Several sportswriters who’ve migrated to Substack already had built-in audiences, like Joe Posnanski, Pablo Torre (coming soon), even Kareem Abdul-Jabbar and his wide-ranging newsletter. But this screwing around will stymie the reach of people like Kyle Kensing, who always has thought-provoking college sports opinions in The Press Break, and Will Warren, who writes an incredibly informative, data-driven hoops newsletter called Stats by Will, and Daniel Connolly, one of the most experienced UConn women’s basketball beat writers and founder of UConn WBB Weekly, and myself and many more.
None of us did anything to agitate Elon. We’re just the lucky ones who get to suffer the consequences.
The tides change fast on social media, as also seen in the Sturm und Drang over verified badges. What was once a signifier that you were who you said you were is now an $8 monthly subscription service. Elon donated a “paid” verified badge to resistance icon Stephen King because King explicitly proclaimed he didn’t want one; he did the same for the likes of LeBron James. Elon’s having a hoot pissing off the people who don’t like him, reducing Twitter to a $44 billion plaything and ignoring any real-world repercussions.
I’ll level with you, dear readers. As recently as eight months ago, I wanted that damn blue checkmark. Before Musk took over, I thought as a journalist it might lend a new veneer of legitimacy to my account, even get future prospective employers to give me a second look. It’s not that I loved the thing or longed to be part of the cool kids’ club; I just thought that’s how the game was being played.
First of all, I’m glad I never got the checkmark to begin with, now that it’s reduced to a blue “I love Elon” ribbon.
But now that all of Musk’s new edicts have been implemented, it’s clear that Twitter has become “free to play, pay to win.” Sure, you can use the site for free, but it’s not going to be the same user experience you were used to for so many years. If you want to make sure your tweets are being seen, you have to pay up.
This dilemma is not the end of the world, but for people like me it’s not nothing, either. I gained roughly 70 new followers on Twitter from October to now. I grew my Substack subscriber base by 38 in the same span. Twitter was often a hellhole long before Elon – but Sports Twitter was the most obvious place to reach people who’d be interested in reading my writing. With that no longer the case, I’ll have to get creative once again.
This was my 96th edition of Guarden State. I can’t say whether it will be my last. I was already planning to take a few months off from the project as college basketball drifted into the summer, its slowest period of the calendar. When September and October roll around, who knows where any of this will stand? I may have to seek out a different outlet altogether. If I stay with Substack, I may have to write more to make sure people are finding my work off social media. Do I have the time and drive for that? Maybe by the fall I’ll have an answer.

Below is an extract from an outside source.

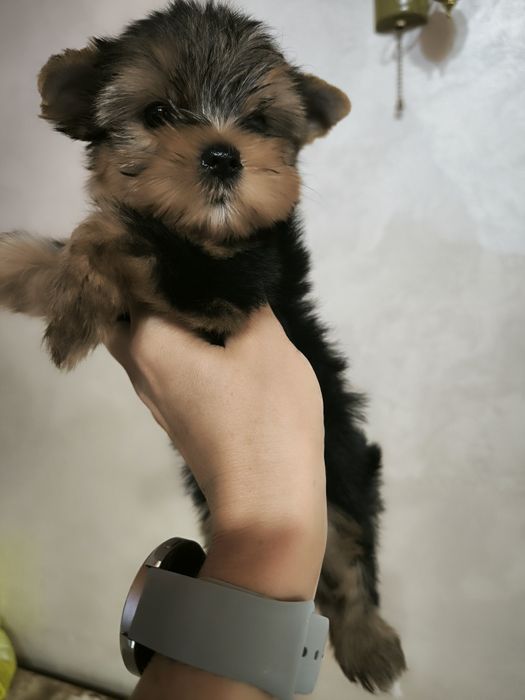 Продам мини девочек йоркширского терьера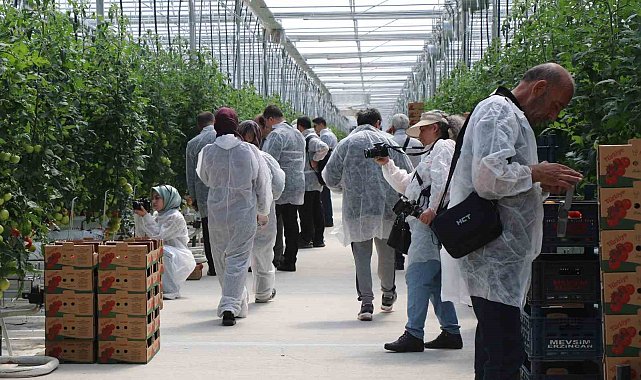 Erzincan'da jeotermal serada üretilen domatesin ilk hasadına başlandı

But I won’t end this incredibly successful season on a sour note. I’ve gotten back on the horse, so to speak, covering college hoops up and down the state and finding more of an audience for it. I wrote about Fairleigh Dickinson’s renaissance two months before anyone gave them a second thought. I published a deep dive into Princeton’s freshman class I remain proud of. Unlike Season 1, I covered at least one game of all eight New Jersey Division I men’s teams, plus three women’s teams, reporting from Newark, Piscataway, Lawrenceville, Princeton, West Long Branch, Hackensack, South Orange, New York City and Philadelphia. We had Ivy Madness right at home in nearby Princeton, where I was able to cover Yale’s games for the New Haven Register in addition to writing Guarden State. And for the second year in a row, Field Level Media sent me to the Sweet 16 and Elite Eight, this time at Madison Square Garden.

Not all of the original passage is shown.